→ **Data listing**
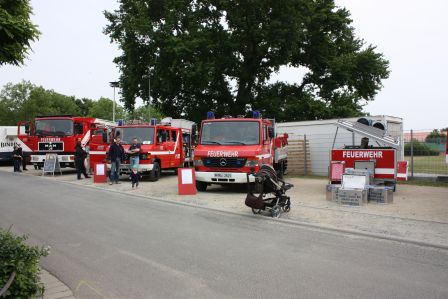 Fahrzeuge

--

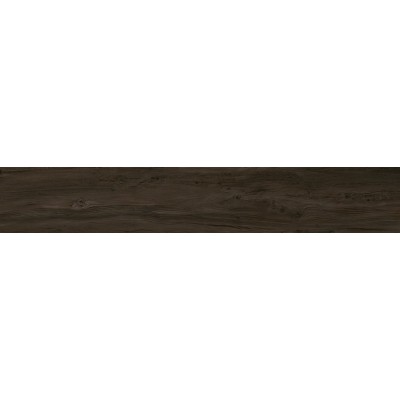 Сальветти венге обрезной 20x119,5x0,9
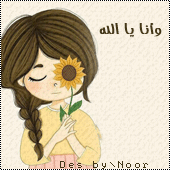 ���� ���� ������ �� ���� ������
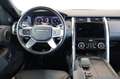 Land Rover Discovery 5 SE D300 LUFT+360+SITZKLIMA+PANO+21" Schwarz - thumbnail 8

* * *

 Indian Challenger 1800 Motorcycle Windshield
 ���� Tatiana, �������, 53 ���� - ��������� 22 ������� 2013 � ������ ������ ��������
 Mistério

→ **What the task asks**
The answer is those lines of the material above that run from the one containing "Сальветти венге обрезной 20x119,5x0,9" up to and including the one containing "Land Rover Discovery", restated exactly and without images.

→ **Answer to this task**
 Сальветти венге обрезной 20x119,5x0,9
 ���� ���� ������ �� ���� ������
 Land Rover Discovery 5 SE D300 LUFT+360+SITZKLIMA+PANO+21" Schwarz - thumbnail 8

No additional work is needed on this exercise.